Data for processing Block Start
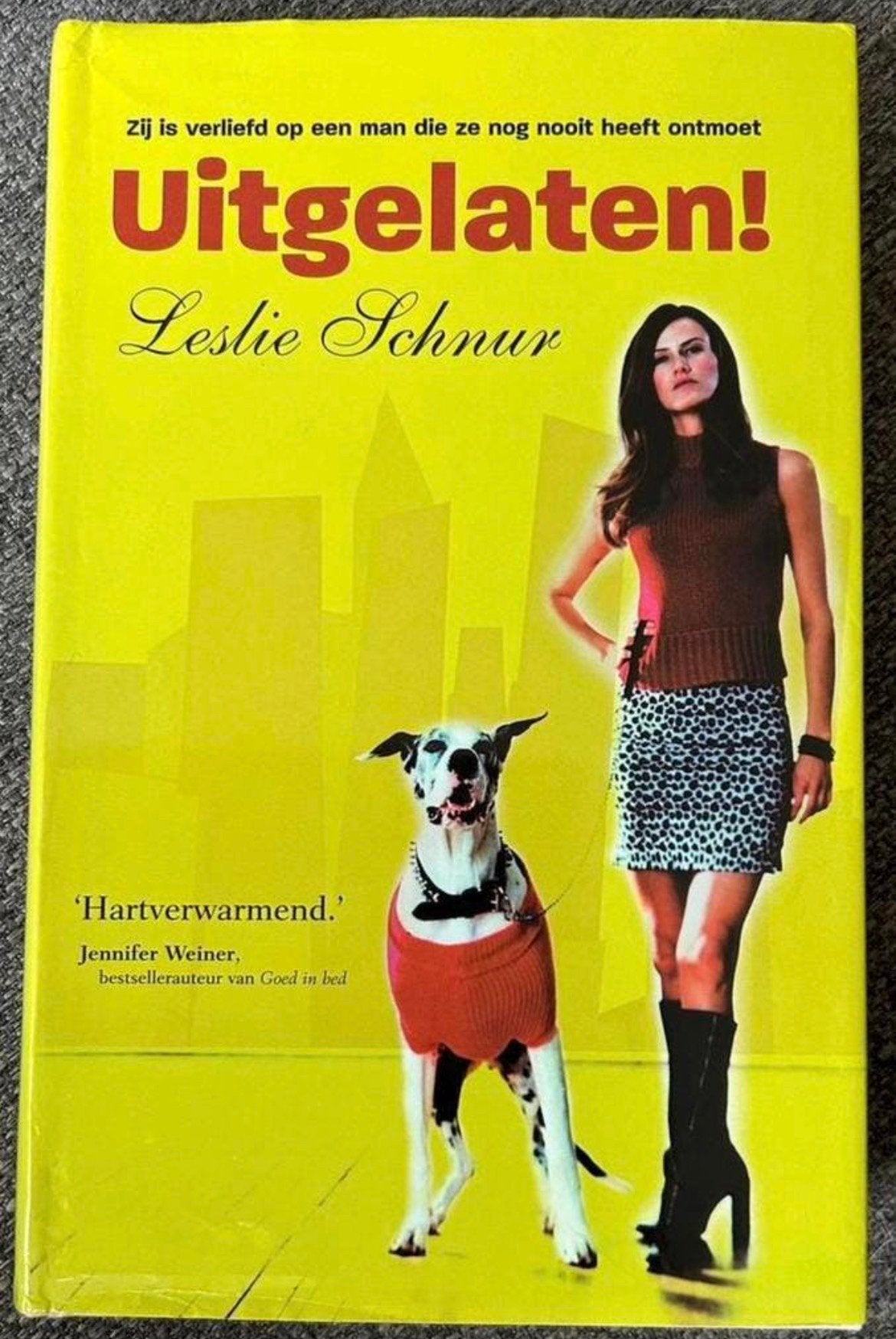Leslie Schnur – Uitgelaten ! (Hardcover/Gebonden, Ophalen of Verzenden, Zo goed als nieuw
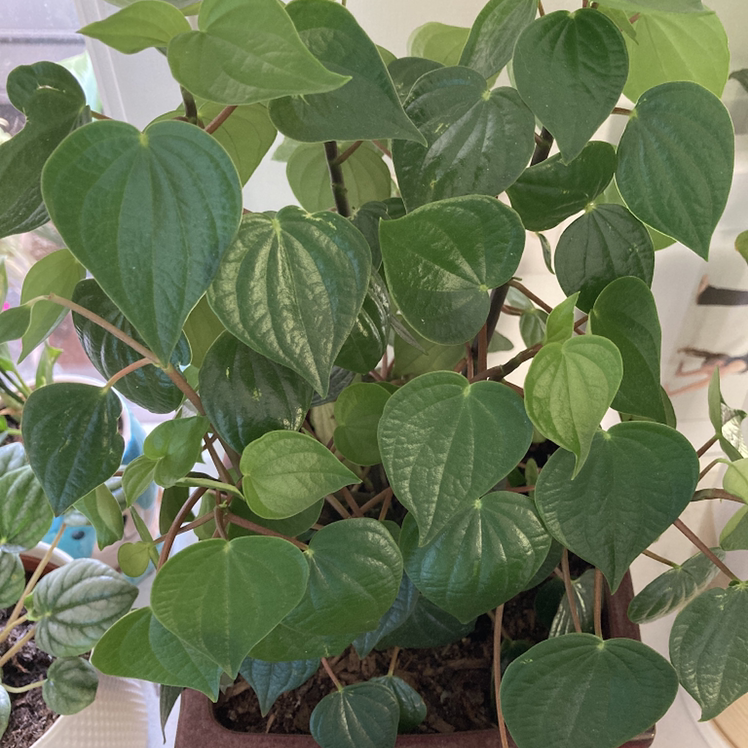 Healthy Rana Verde Peperomia plant with vibrant green leaves in a pot.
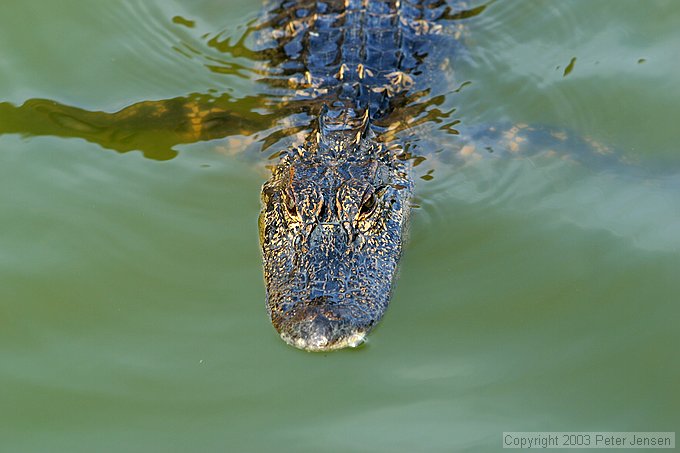 gator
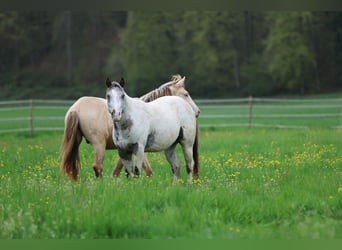 Pony of the Americas, Hengst, 3 Jahre, 140 cm, Tigerschecke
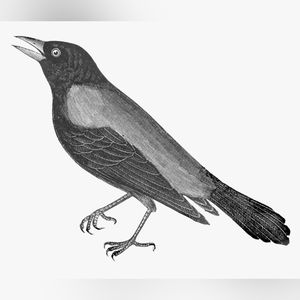 Meet your Posher - Todd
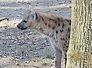 hyena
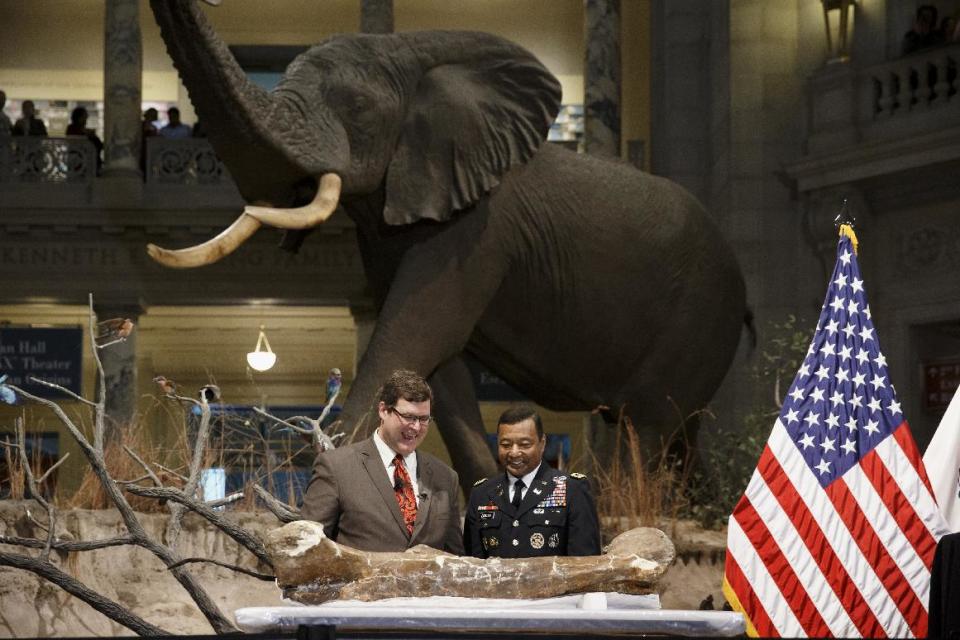 Smithsonian National Museum of Natural History Director Kirk Johnson, left, and Lt. Gen. Thomas Bostick, commanding general of the Army Corps of Engineers, unveil the fossilized bones of a Tyrannosaurus rex during a ceremony at the museum in Washington, Tuesday, April 15, 2014. The Tyrannosaurus rex is joining the dinosaur fossil collection on the National Mall on Tuesday after a more than 2,000-mile journey from Montana. For the first time since its dinosaur hall opened in 1911, the Smithsonian's National Museum of Natural History will have a nearly complete T. rex skeleton. FedEx is delivering the dinosaur bones in a truck carrying 16 carefully packed crates. (AP Photo/J. Scott Applewhite)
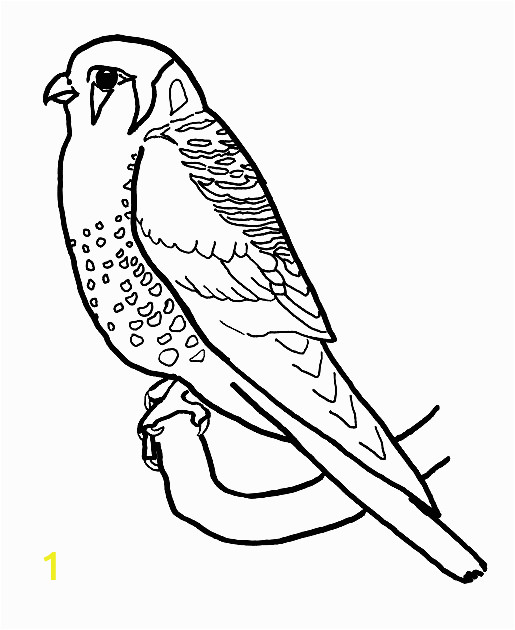 american kestrel coloring pages 3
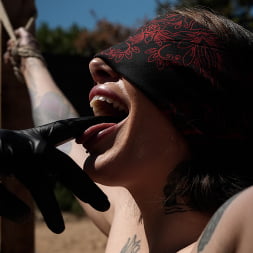 Brenna McKenna in 'Kink' Tethered and Weathered (Thumbnail 3)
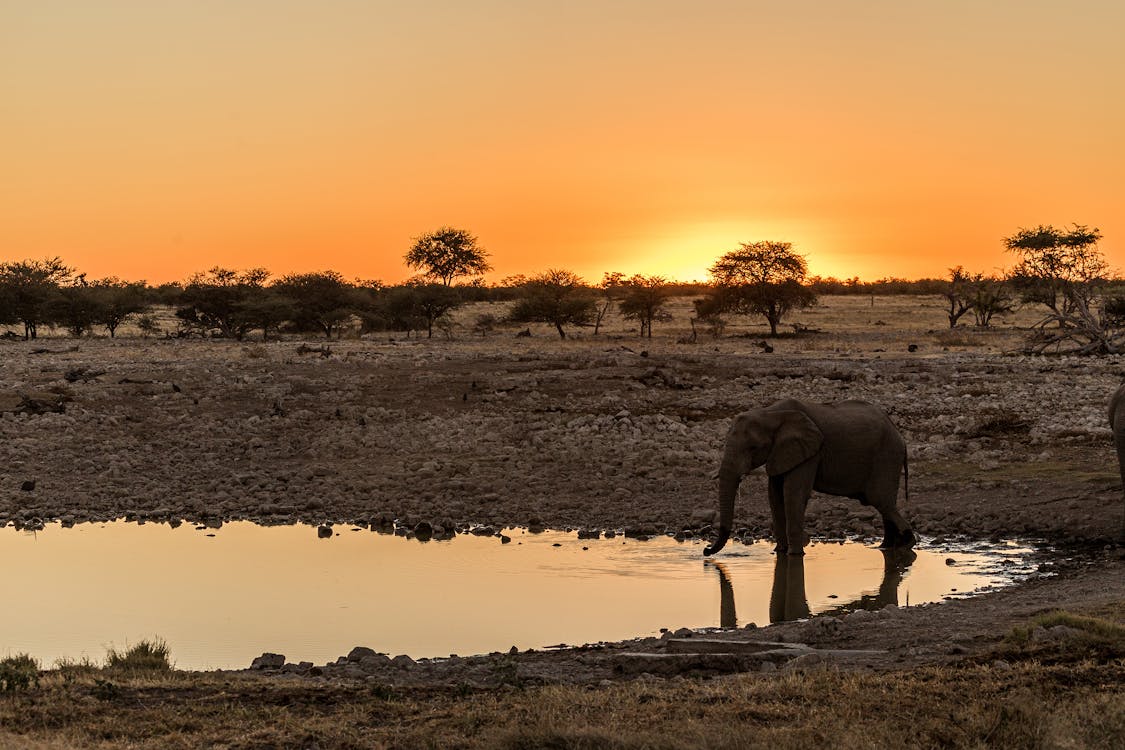 4-Day Tanzania Safari: Lake Manyara, Serengeti & Ngorongoro Crater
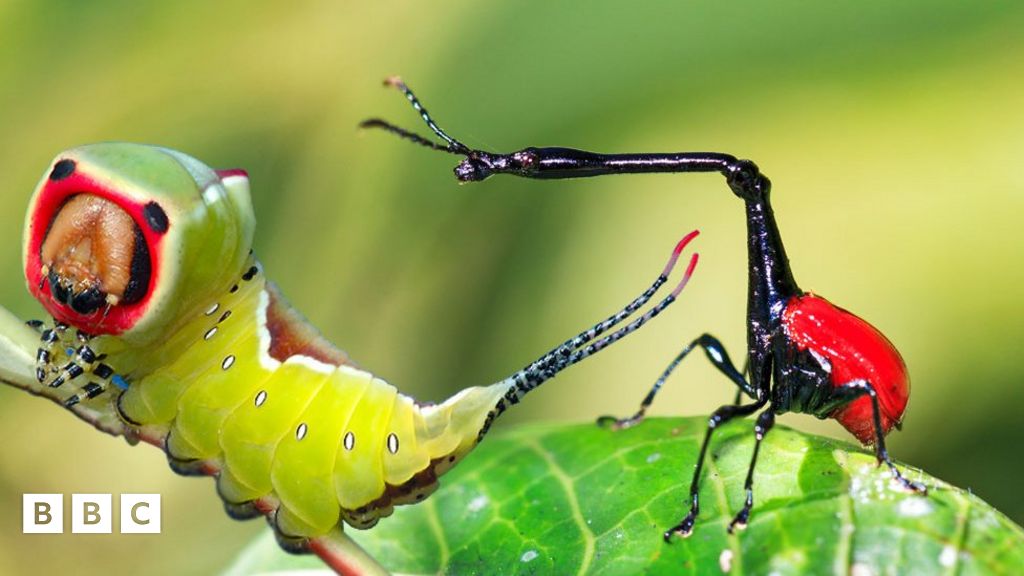 Quiz: Know Your Stuff About Insects? - BBC Newsround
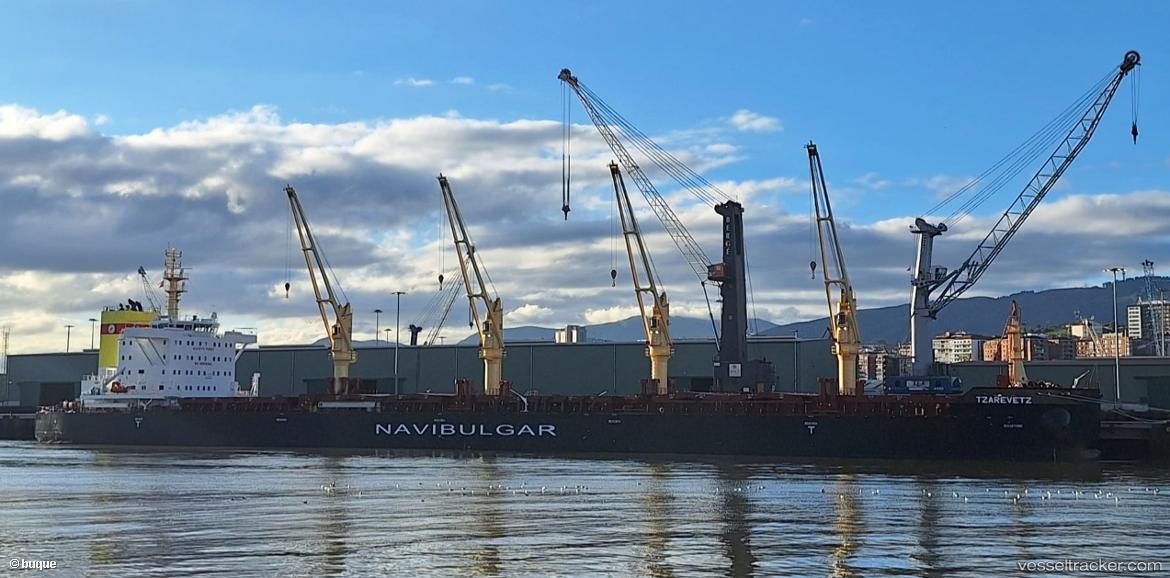 Tzarevetz - Bulk Carrier vessel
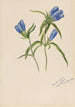 Gentiane geschlossen Gentiana andrewskii - Mary Vaux Walcott — Ansicht des Kunstwerks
Data for processing Block End
### Instructions to follow
The output has to match the data above line for line, except that pictures are dropped.

### Solution to this problem
Leslie Schnur – Uitgelaten ! (Hardcover/Gebonden, Ophalen of Verzenden, Zo goed als nieuw
 Healthy Rana Verde Peperomia plant with vibrant green leaves in a pot.
 gator
 Pony of the Americas, Hengst, 3 Jahre, 140 cm, Tigerschecke
 Meet your Posher - Todd
 hyena
 Smithsonian National Museum of Natural History Director Kirk Johnson, left, and Lt. Gen. Thomas Bostick, commanding general of the Army Corps of Engineers, unveil the fossilized bones of a Tyrannosaurus rex during a ceremony at the museum in Washington, Tuesday, April 15, 2014. The Tyrannosaurus rex is joining the dinosaur fossil collection on the National Mall on Tuesday after a more than 2,000-mile journey from Montana. For the first time since its dinosaur hall opened in 1911, the Smithsonian's National Museum of Natural History will have a nearly complete T. rex skeleton. FedEx is delivering the dinosaur bones in a truck carrying 16 carefully packed crates. (AP Photo/J. Scott Applewhite)
 american kestrel coloring pages 3
 Brenna McKenna in 'Kink' Tethered and Weathered (Thumbnail 3)
 4-Day Tanzania Safari: Lake Manyara, Serengeti & Ngorongoro Crater
 Quiz: Know Your Stuff About Insects? - BBC Newsround
 Tzarevetz - Bulk Carrier vessel
 Gentiane geschlossen Gentiana andrewskii - Mary Vaux Walcott — Ansicht des Kunstwerks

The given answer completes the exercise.